Es gibt keinen Zweifel, eine Straftat zu verüben kann schlimme Folgen haben. Hat man Probleme mit dem Strafrecht, sollte man daher nicht zögern und sich allerspätestens nachdem man eine Anklage zugestellt bekommen hat an einen Rechtsanwalt zum Strafrecht wenden. Dabei sollte man sich man besten an einen Fachanwalt wenden, dessen Tätigkeitsschwerpunkt im benötigten strafrechtlichen Unterbereich liegt wie im Verkehrsstrafrecht, Sexualstrafrecht, Arztstrafrecht, Umweltstrafrecht, Insolvenzstrafrecht, Steuerstrafrecht, Kapitalstrafrecht, Wirtschaftsstrafrecht, Jugendstrafrecht, Arztstrafrecht oder im Drogenstrafrecht. Ein Fachanwalt im Strafrecht kennt sich in allen Bereichen, in denen es zu kriminellen Handlungen kommen kann, perfekt aus. Dank seines umfassenden Fachwissens in der Praxis und in der Theorie weiß er genau wie er seinen Klienten am besten vereidigt. In Achim sind etliche Anwälte und auch Fachanwaltskanzleien zu finden, die sich auf Strafrecht spezialisiert haben. Mandatiert man einen Anwalt in Achim im Strafrecht, dann stehen die Chancen sehr gut, dass man mit einer geringen Strafe davonkommt. Auch wenn man sich selbst keinen Anwalt leisten kann, wird man in Deutschland nicht im Stich gelassen. In diesem Fall wird ein Pflichtverteidiger gestellt. Allerdings ist es zweifellos ein klarer Vorteil, sich selbst einen Anwalt im Strafrecht in Achim zu suchen. Sowohl ein Pflichtverteidiger als auch ein Anwalt im Strafrecht in Achim unterliegen der Schweigepflicht.
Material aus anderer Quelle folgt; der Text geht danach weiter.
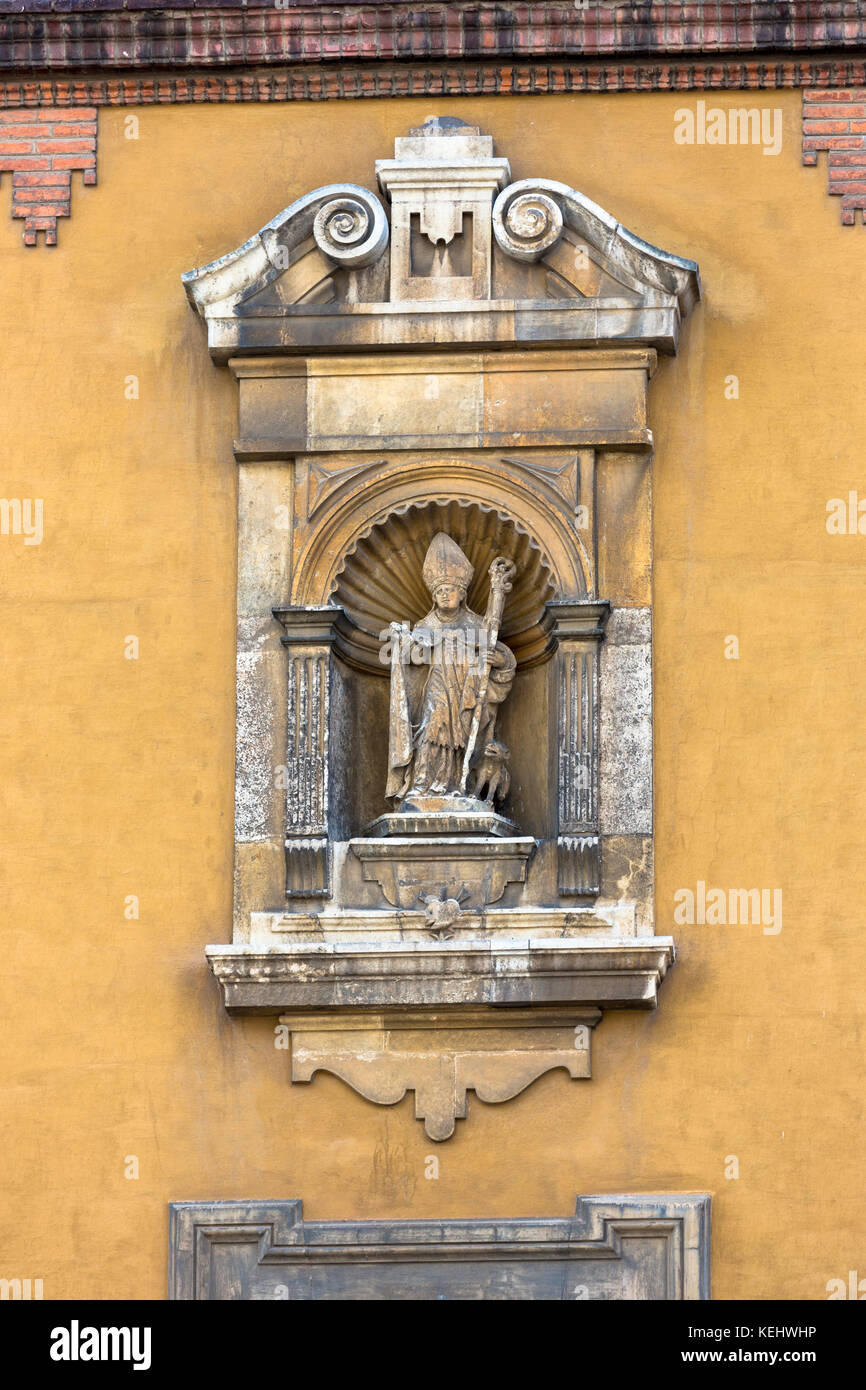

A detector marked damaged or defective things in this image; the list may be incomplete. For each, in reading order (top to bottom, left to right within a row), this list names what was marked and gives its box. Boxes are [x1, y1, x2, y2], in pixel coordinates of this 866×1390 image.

broken pediment [183, 115, 697, 358]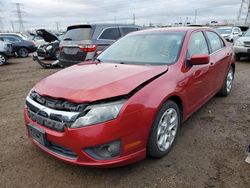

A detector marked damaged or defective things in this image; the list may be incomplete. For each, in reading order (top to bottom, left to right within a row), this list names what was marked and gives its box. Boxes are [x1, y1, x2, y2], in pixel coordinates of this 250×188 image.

Eine geringe Strafe oder ein Freispruch – mit einem kompetenten Fachanwalt zum Strafrecht an der Seite schaffen Sie die ideale Basis

Der Anwalt zum Strafrecht wird zunächst seinen Mandanten über seine Rechte als auch über den genauen Ablauf des Strafverfahrens informieren. Der Anwalt wird zudem eine Akteneinsicht beantragen. Nachdem er sich über die der Staatsanwaltschaft vorliegenden belastenden Informationen informiert hat, wird er diese in einem Gespräch mit seinem Klienten besprechen. Es folgt die Entwicklung einer Strategie zur Verteidigung des Mandanten. Schafft es der Rechtsanwalt zum Strafrecht nicht, dass die Angelegenheit eingestellt wird oder mit einem Strafbefehl einen Abschluss findet, wird er natürlich bei einer anstehenden Gerichtsverhandlung seinen Klienten so gut als möglich verteidigen. Um seinen Mandanten im Prozess zu entlasten, wird er beispielsweise Dokumente präsentieren und Zeugen aufrufen lassen. Sollte es während der Verhandlung offensichtlich werden, dass es nur noch zu einer milden Strafe führen kann, wenn der Beklagte ein umfassendes Geständnis ablegt, wird er seinen Mandanten hierauf zum passenden Zeitpunkt hinweisen. Ein Anwalt zum Strafrecht ist übrigens nicht nur für Beklagte ein eindeutiger Vorteil, er ist auch ein kompetenter Partner an der Seite, wenn Opfer vertreten werden müssen oder auch Zeugen einen fachkompetenten Rechtsbeistand benötigen.